**WHAT YOU HAVE TO DO:** Your reply must contain the lines from the one with "55 inch Kitchen Island base detail" through the last line of the material, exact and complete, with no pictures and no other text.

[Start of Attachment]

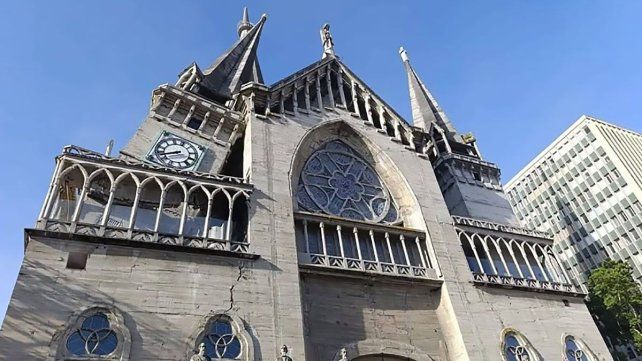 La Catedral de Manizales quedó seriamente dañada.El terremoto se sintió en todo el borde del Pacífico en Colombia.&nbsp;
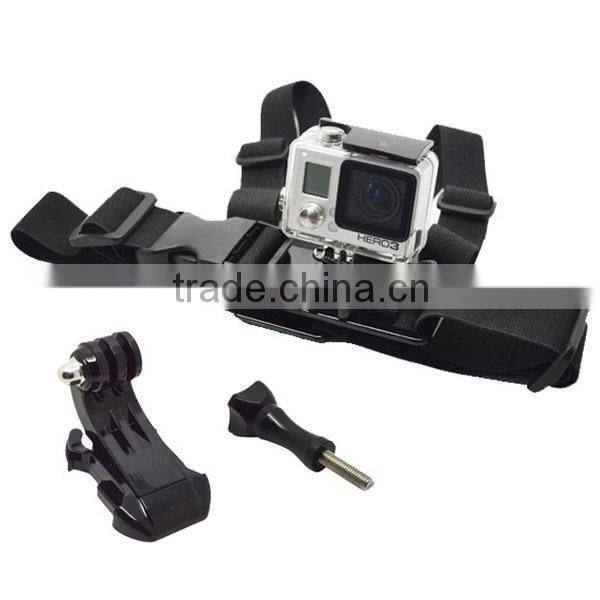 Mini Size Adjustable Belt Strap Junior Chesty with J-hook Bracket & Screw for GoPro Hero 4/3+/3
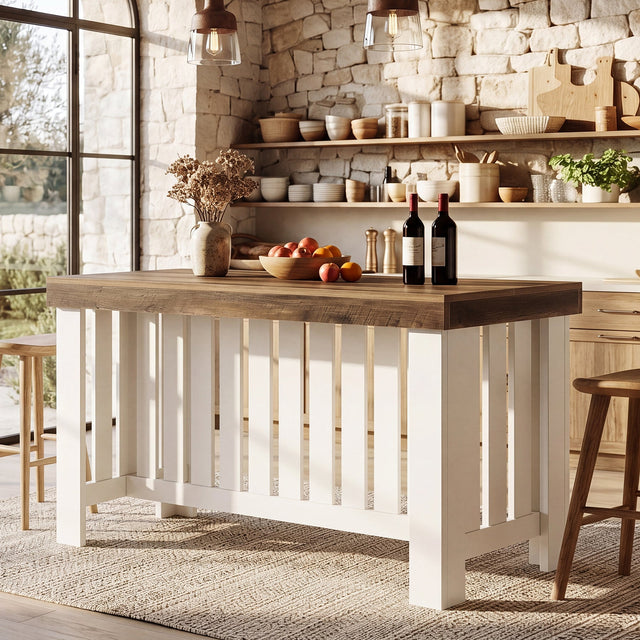 55 inch Kitchen Island base detail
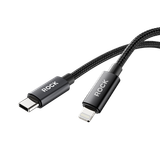  Cáp Sạc Nhanh ROCK Z28 C to C 60W/C to Lightning 27W (1M/2M, Metal Braided) 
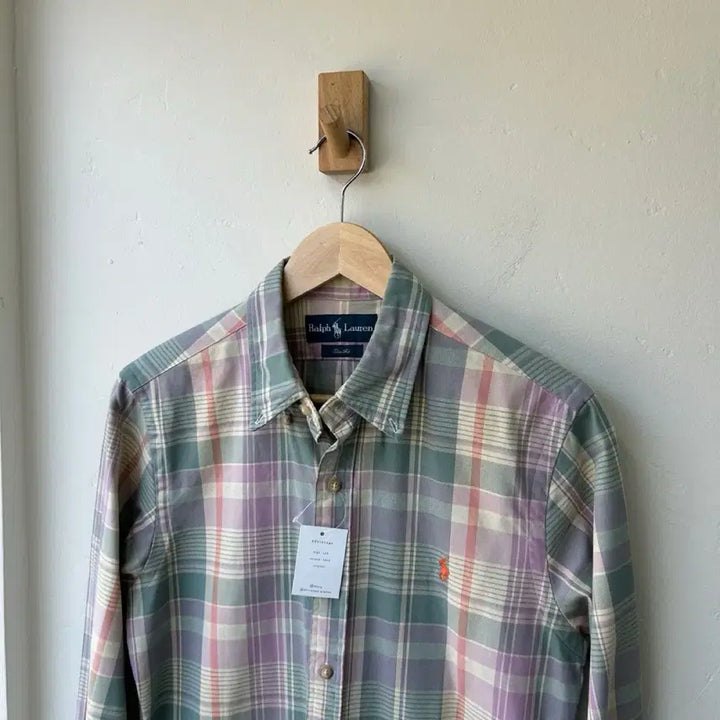 [BUNJANG] Polo Ralph Lauren Checkered Slim Fit Shirt / 16863 - 폴로 랄프로렌 체크 셔츠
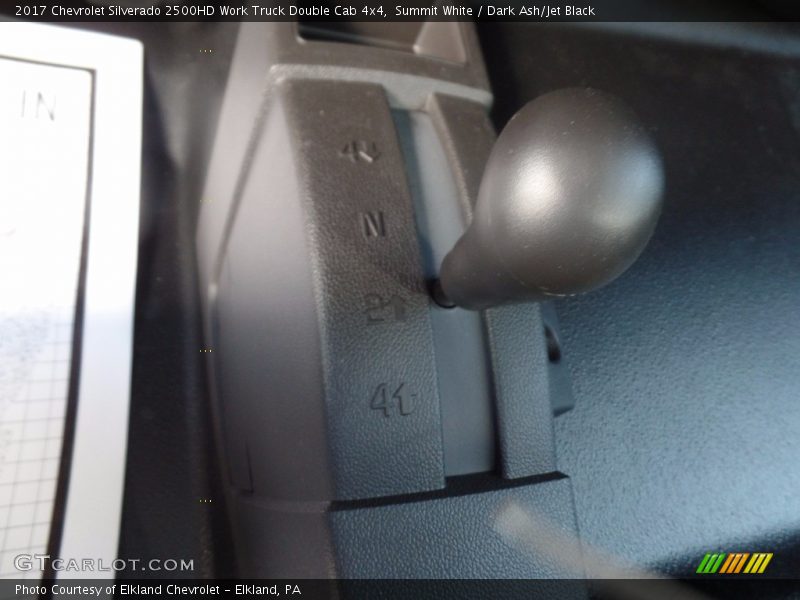 Summit White / Dark Ash/Jet Black 2017 Chevrolet Silverado 2500HD Work Truck Double Cab 4x4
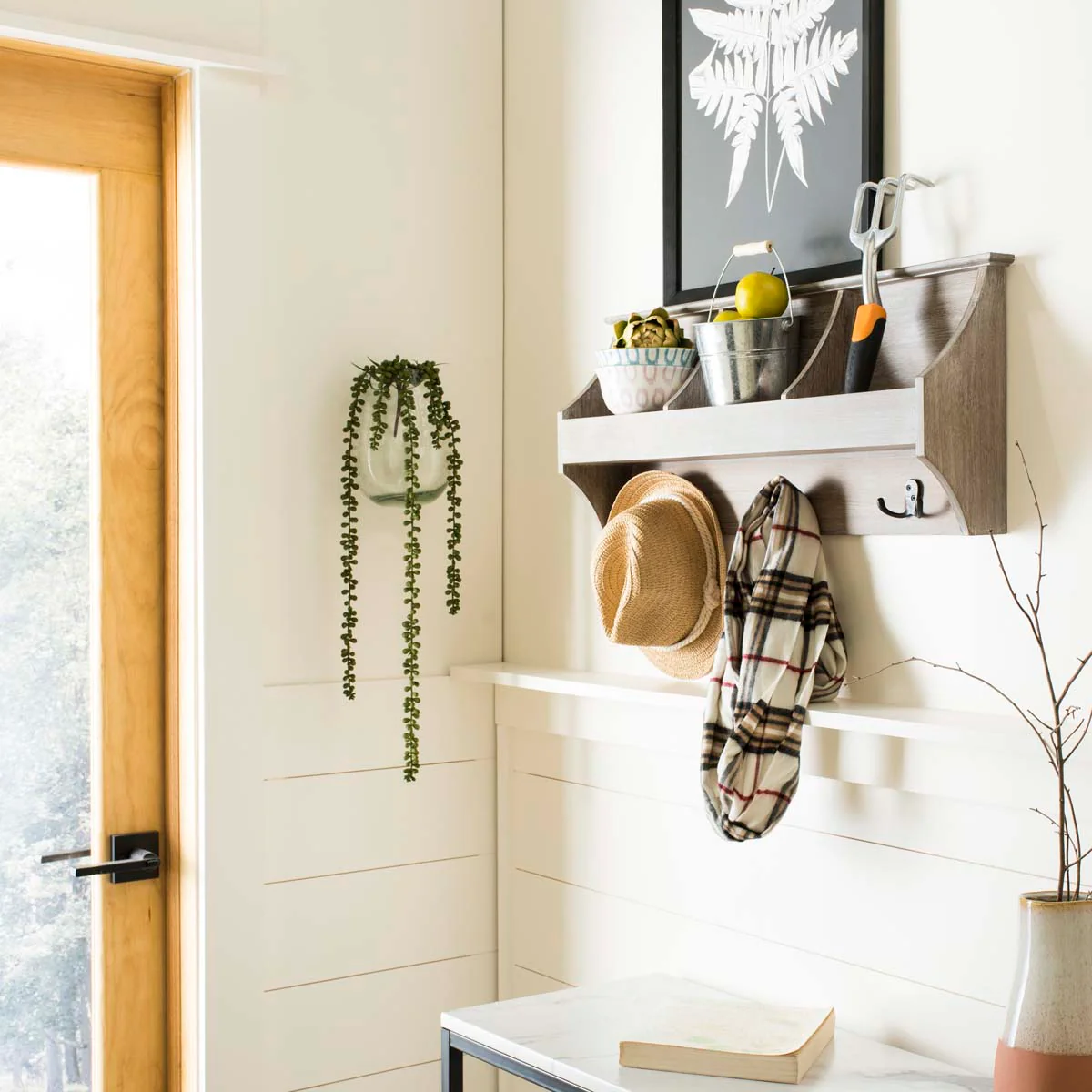 Safavieh Darcey Hanging Storage Wall Rack (Gray, 28 x 5 x 12 in) - Image 2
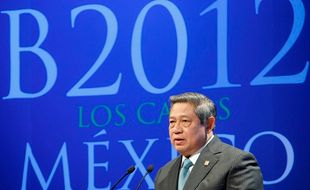 SBY SAMPAIKAN PIDATO di B20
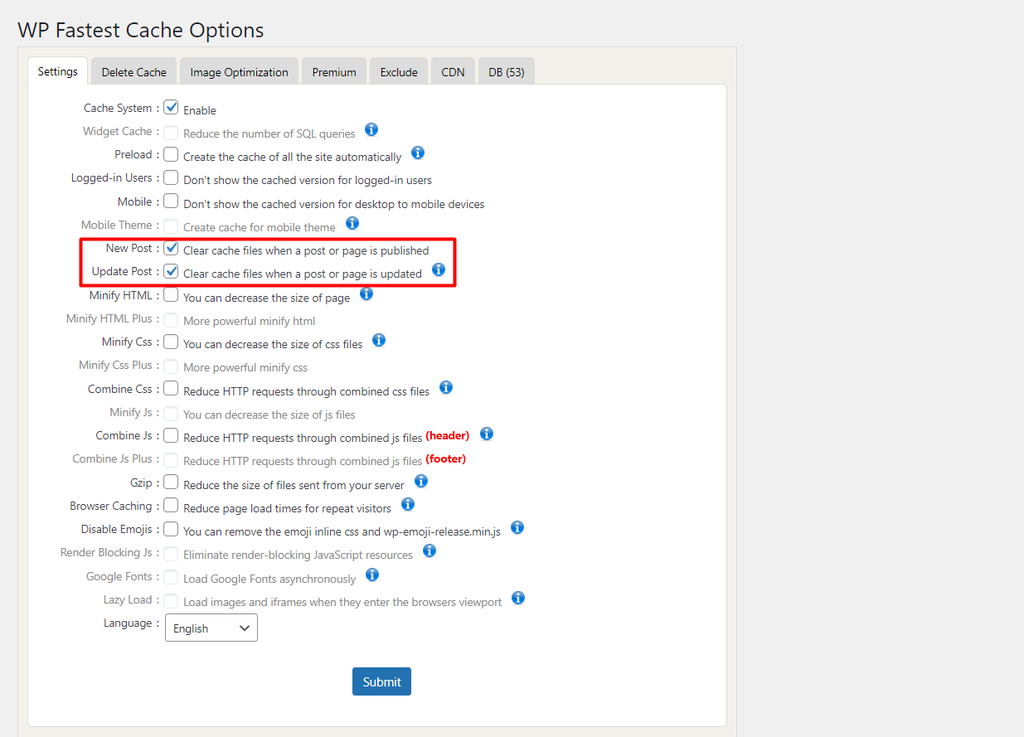 wp fastest options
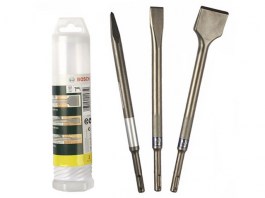 Набор из 3 зубил SDS+ BOSCH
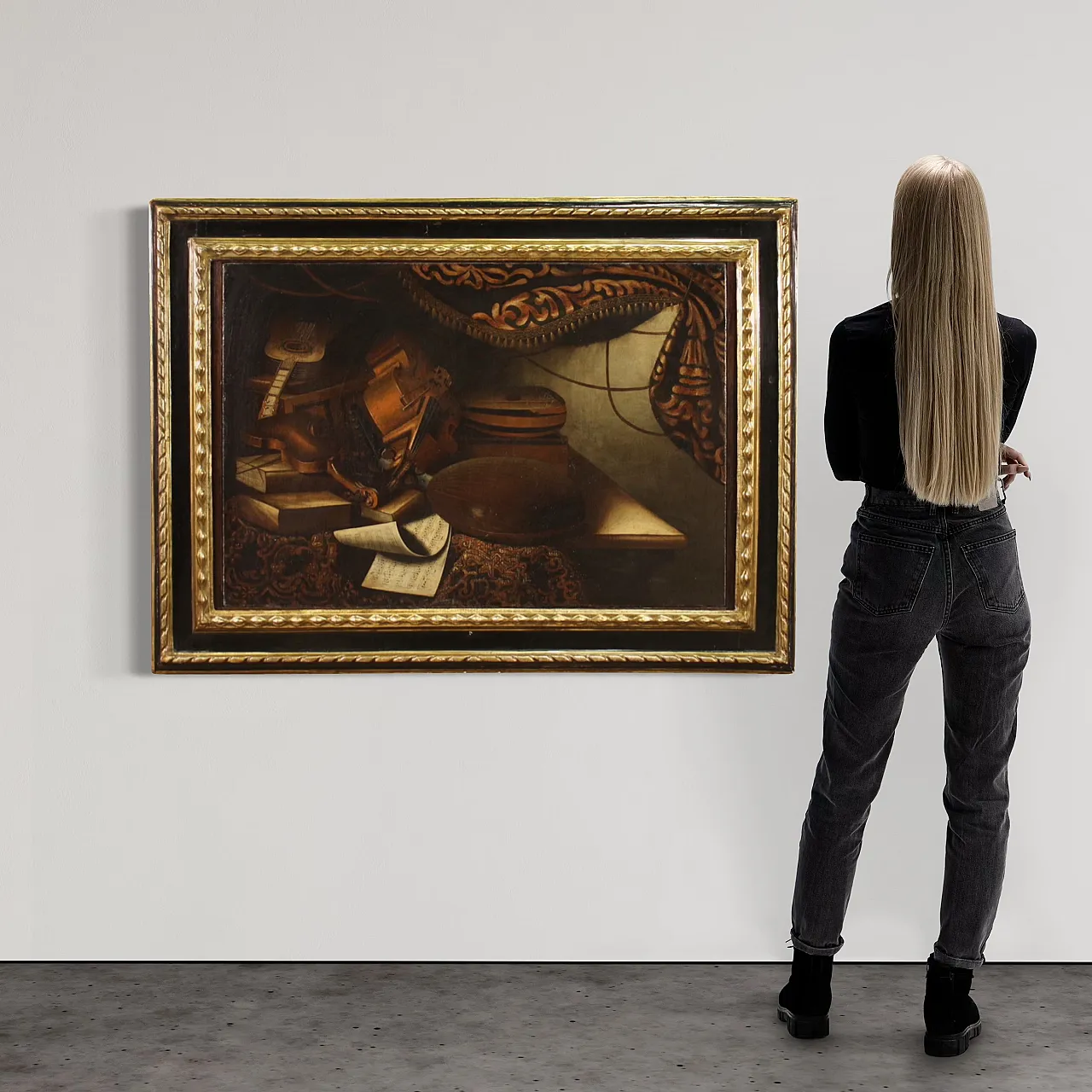 Natura morta con strumenti, dipinto di Scuola lombarda, ‘700 2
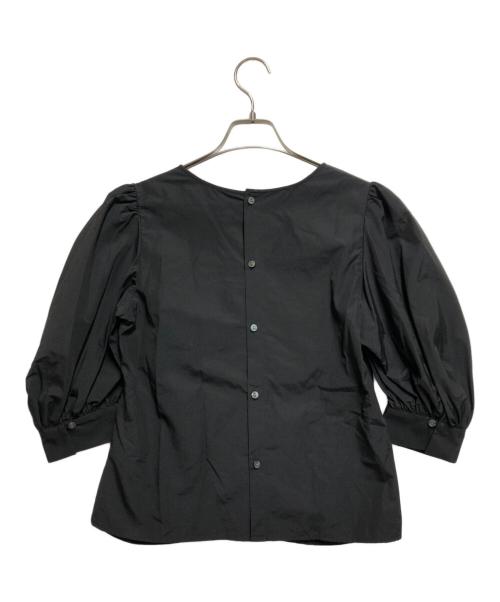 BLACK by moussy（ブラックバイマウジー）BLACK by moussy (ブラックバイマウジー) 2way gather blouse ブラック サイズ:FREEの古着・服飾アイテム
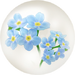 Blue forget-me-not nectar from Pikmin Bloom.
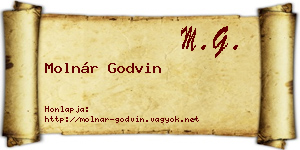 Molnár Godvin névjegykártya
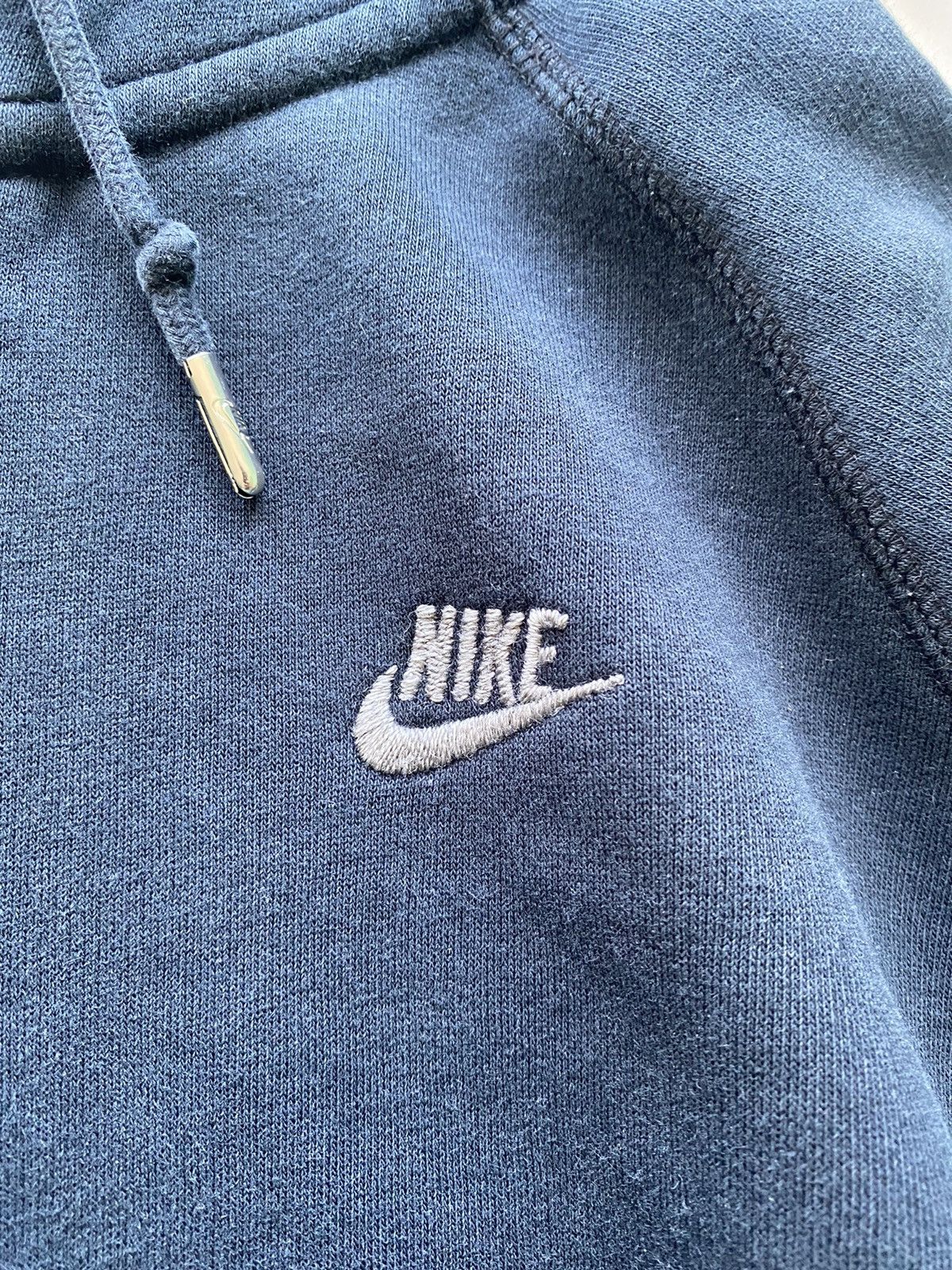 Nike × Vintage Black Nike Zip Up Silver Tag Hoodie Size US L / EU 52-54 / 3 - 2 Thumbnail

[End of Attachment]

**ANSWER TO THIS EXERCISE:**
 55 inch Kitchen Island base detail
  Cáp Sạc Nhanh ROCK Z28 C to C 60W/C to Lightning 27W (1M/2M, Metal Braided) 
 [BUNJANG] Polo Ralph Lauren Checkered Slim Fit Shirt / 16863 - 폴로 랄프로렌 체크 셔츠
 Summit White / Dark Ash/Jet Black 2017 Chevrolet Silverado 2500HD Work Truck Double Cab 4x4
 Safavieh Darcey Hanging Storage Wall Rack (Gray, 28 x 5 x 12 in) - Image 2
 SBY SAMPAIKAN PIDATO di B20
 wp fastest options
 Набор из 3 зубил SDS+ BOSCH
 Natura morta con strumenti, dipinto di Scuola lombarda, ‘700 2
 BLACK by moussy（ブラックバイマウジー）BLACK by moussy (ブラックバイマウジー) 2way gather blouse ブラック サイズ:FREEの古着・服飾アイテム
 Blue forget-me-not nectar from Pikmin Bloom.
 Molnár Godvin névjegykártya
 Nike × Vintage Black Nike Zip Up Silver Tag Hoodie Size US L / EU 52-54 / 3 - 2 Thumbnail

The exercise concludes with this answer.